Wearables have expanded from a fringe interest to one with a great deal of potential in a comparatively short space of time. Whilst a few decades ago the prospect of carrying trackers and internet-ready devices on your wrist may have seemed like a sci-fi flight of fancy, wearables are on a real upsurge, with many businesses – tech giant and start-up alike – getting in on the action. Research released last year by Samsung Electronics estimated that wearables would generate £104.7m for UK retailers that Christmas; in total it predicted the British public would be buying around 156,600 smartwatches, 474,900 fitness bands and 316,800 health trackers.

Nonetheless, despite the boom we are seeing in wearable innovation, acceptance amongst consumers is far from unanimous. A survey by Kantar Worldpanel ComTech found just 6% of iPhone users currently own a wearable device; in November 2014, another piece of the firm’s research revealed 84% of consumers weren’t considering buying a smartwatch. Clearly then there are several hurdles to overcome before wearables reach their true potential.

Whilst press coverage of wearables is often gushing, you only have to look below the line to find less than favourable comments from the public. One of the most common complaints is wearables are all flash and no substance, that the majority of the time a clear use case doesn’t exist. Certainly smartwatches have drawn their fair share of flak because they add little functionality that isn’t already available on people’s smartphones; this is one factor that has slowed consumer adoption. “A lot of the wearable tech that’s been brought out is all just for show,” comments Lauren Bowker, founder of The Unseen, the fashion technology start-up. “So why would you wear it?”
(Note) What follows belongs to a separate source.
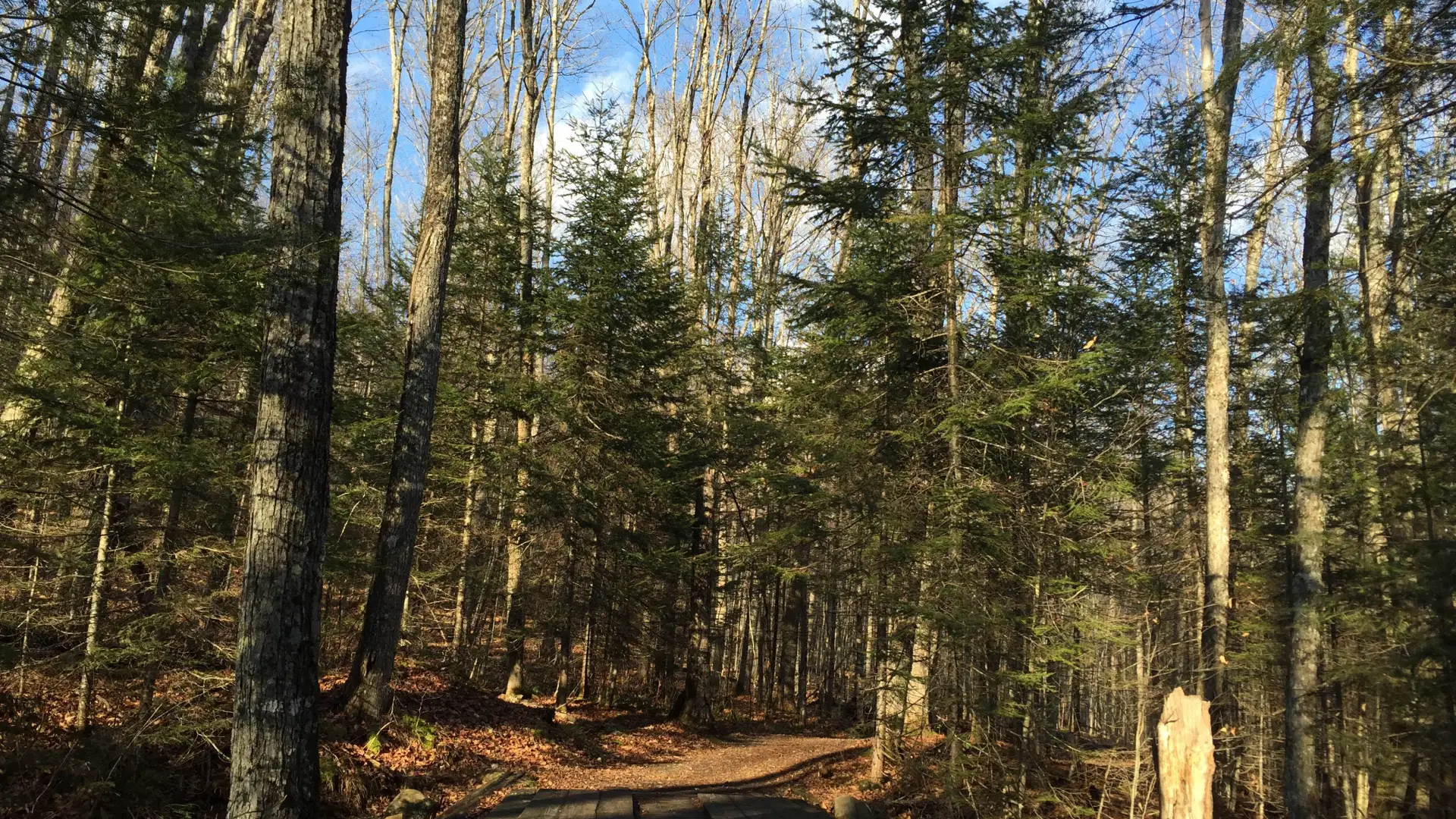 Use the bridges which protect the trail.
But this is gradually changing. When new technology enters the market, it often functions more as proof of concept but the making of new innovations is in how they are used. Whilst Google Glass has attracted its fair share of criticism, Sam Clark, the managing director of Conjure, the app developer, feels it has very practical applications for certain industries. “I’ve read reports of surgeons who are wearing Glass and livestreaming the surgery for the students next door,” he says. “That’s a great use case.” From working on production lines and receiving live data on the process to tracking the operational information of heavy machinery, existing wearables can easily be put to innovative use within many industries.

However, the true potential wearables can offer is in the creation of devices to solve problems in specific verticals. Marko Balabanovic, innovation director at Digital Catapult, a national centre aimed at advancing the UK’s best digital ideas, gives the example of healthcare; he points to the American start-up Qardio, which has developed a wearable ECG that helps users track the health of their heart. Another company Applied Nanodetectors, that attended a recent Digital Health Pit Stop event held by Digital Catapult, has developed breath analysis chips that can detect the early stages of asthma. “People need to have that kind of stuff monitored but you cannot always be in and out of a hospital,” he says. “So it’s about taking things that aren’t working very well today and making them much better.”
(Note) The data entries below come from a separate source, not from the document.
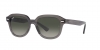 RB4398 Erik Sunglasses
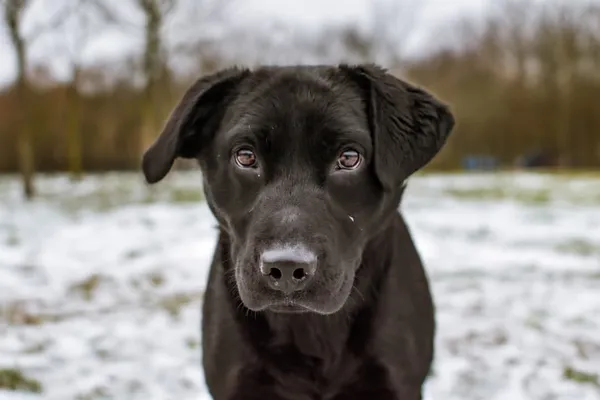 Pies do adopcji, Radom, 17 września 2025 (2/5)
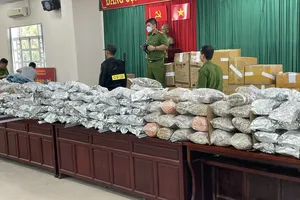 C04 phá đường dây sang Thái Lan trồng Cần Sa rồi đưa về Việt Nam tiêu thụ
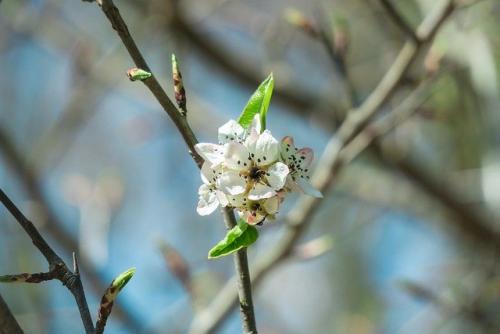 Защита растений от заморозков. Защита растений от морозов – эффективные методы 02 Защита растений от заморозков. Защита растений от морозов – эффективные методы 02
There are no shortage of big players recognising how tailored wearables could improve their industry. For this reason, IC tomorrow, the Innovate UK programme that stimulates innovation and economic growth in the digital sector, is running a £210,000 innovation prize to bring together significant stakeholders across a range of industries, from Disney to Network Rail, to run trials with digital innovators in the wearables space. On each count, there are clear use cases for wearables in the given sector: GLH Hotels is focusing on ‘guest-centred experience through wearables’, whilst Atos is looking at how wearables can help improve digital access amongst those with physical and cognitive disabilities. McLaren Applied Technologies, the cross-industry innovation wing of the automotive giant, is also participating, eager to explore the wider applications of sensor technology and performance tracking in a range of verticals.
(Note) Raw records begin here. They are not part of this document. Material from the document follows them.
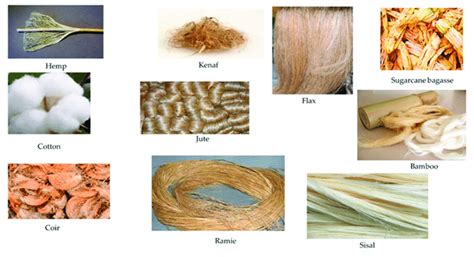 Which One Of The Following Is Natural Fibre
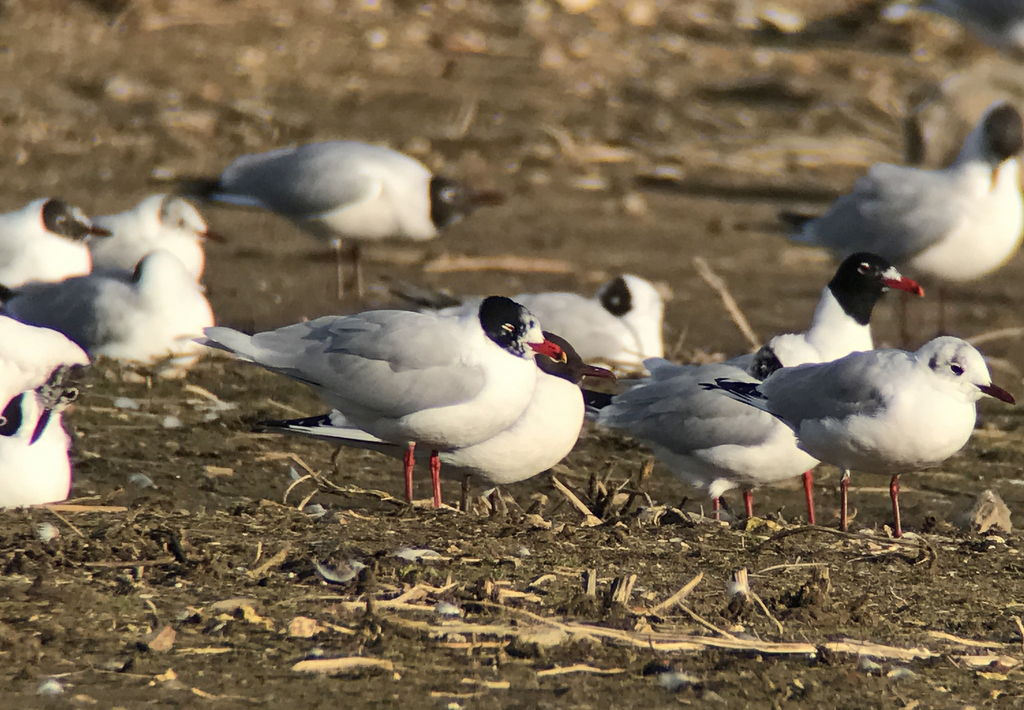 Mediterranean Gull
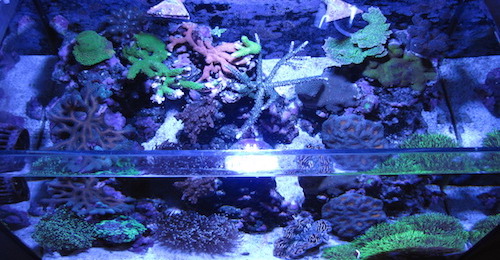 Top Down Tank Shot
Once these kinds of use cases are expanded upon and fully explored, the average user will begin to see a far greater benefit in wearables. “Where it will really start getting interesting is where it actively starts to impact everyday life,” says Bowker. When wearables can help address everyday issues, such as discretely monitoring health conditions, she feels people will warm to their benefits. “Helping in that sense is the more important part of the journey,” she says.

However, the real potential to help in these cases comes not from the wearables themselves but the data they generate. And this is something that could have major ramifications, not just on a personal level but for the industry as a whole. “If a device is something you’ve got on your body, then you’re getting data at the kind of frequency that you just wouldn’t be able to get any other way,” Balabanovic explains. “That’s a huge shift.”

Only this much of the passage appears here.